The new, UN-backed, GNA arrived in the capital six weeks ago, but has failed to persuade the existing two governments to hand over authority. The GNA has no army of its own, relying on Libya Dawn militias for security in the capital and being shunned by Tobruk.
The GNA’s presidential council, which is responsible for naming ministers to the government, set up a military headquarters in Tripoli to combat ISIL, but has no units except the promise last week that it will set up a presidential guard.
GNA prime minister Fayez Al Sarraj made his arms appeal in Britain’s Daily Telegraph newspaper this week, writing: “We are not asking for foreign boots on the ground, but we are requesting assistance with training, and lifting the arms embargo on Libya.”
The embargo was first enacted in 2011 during the uprising against Muammar Qaddafi.
On Tuesday, the GNA’s deputy prime minister, Mussa Al Kony, said his government’s priority was to acquire “aircraft”.
“We want pilots, helicopters and warplanes,” he added.
The GNA was created as a unity government to end a nearly two-year civil war between the House of Representatives parliament in the eastern city of Tobruk and its rival National Salvation Government in Tripoli. Yet neither administration, nor their armed forces, have accepted the GNA.
The past month has seen the civil war escalate. Tobruk’s Operation Dignity forces, led by General Khalifa Haftar, have captured most of second city Benghazi from militants and swept west, taking the Sirte Basin, home to the country’s greatest concentration of oilfields.
Ostensibly, this offensive is aimed at ISIL whose main base is located at the coastal city of Sirte. But the main battle of the offensive, for the town of Zellah, has pitted Gen Haftar’s forces against Libya Dawn militias, who are allied to Tripoli’s National Salvation Government.
Libya Dawn — a coalition of militias — has also pledged to battle ISIL at Sirte, and is fighting now to recapture the strategically important town of Abu Grein, captured by the extremists last week.
But although the international community is preoccupied with the fight against ISIL, in Libya the focus remains on the struggle between the two administrations.
Tobruk timed the Sirte Basin offensive with a its own blockade of oil exports, complaining that revenues were passing to Tripoli.
The blockade appears over after tentative talks between the country’s rival state oil companies, but the Sirte Basin offensive marks a sharp escalation by Tobruk’s forces.

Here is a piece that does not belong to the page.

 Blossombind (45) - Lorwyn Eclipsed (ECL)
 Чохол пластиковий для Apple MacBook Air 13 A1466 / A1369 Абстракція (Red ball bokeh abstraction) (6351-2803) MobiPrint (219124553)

Off the battlefield, Tobruk’s central bank has also ordered its own currency, printed in Russia, after its Tripoli rival had its currency printed in Britain.This has further fuelled fears that the country is heading for a break-up, with the east holding the bulk of oil production.
This split is reflected in the international community. While all key powers signed-off on the idea of loosening the arms embargo, they remain divided over which administration they support. The US and European Union recognise the GNA, while Russia, Egypt and the UAE insist that — as per the GNA constitution — the unity government can only become the legitimate administration when the Tobruk parliament gives its approval. That parliament is now in chaos, however, with voting sessions continuously breaking up. As a result, the prospects of Tobruk approving the GNA are currently slight.
Into this combustible mix the UN is now planning to inject fresh weapons, relying on pledges from Mr Al Sarraj that they will only be turned on ISIL.
Doubts that this is possible were voiced last March by the UN panel of experts responsible for policing the arms embargo on Libya. The experts reported that tanks, planes and artillery requested by Tobruk — at the time recognised by the international community as Libya’s legitimate administration — might fuel the civil war.
Similar questions are being voiced now.
“The loosening of the UN arms embargo ... would probably serve to inject renewed energy into Libya’s civil war rather than galvanise its combatants into unified action against the Islamic State,” IHS Jane’s, a leading defence analyst, warned earlier this week.
“Three rival commands have been formed to coordinate the offensive (against ISIL), none of which is co-operating with each other.”
US secretary of state John Kerry admitted that the GNA’s request for exemption from the embargo would need to be “carefully sculpted”. But in practice, policing shipments to the GNA would be impossible, not least after outside states recently stepped back from plans to send 5,000 Italy-led troops to Libya to train a new army, loyal to the GNA.
Without an army of his own, Mr Al Sarraj will be forced to hand any new weapons to the country’s galaxy of militias, trusting they will turn them on ISIL and not each other.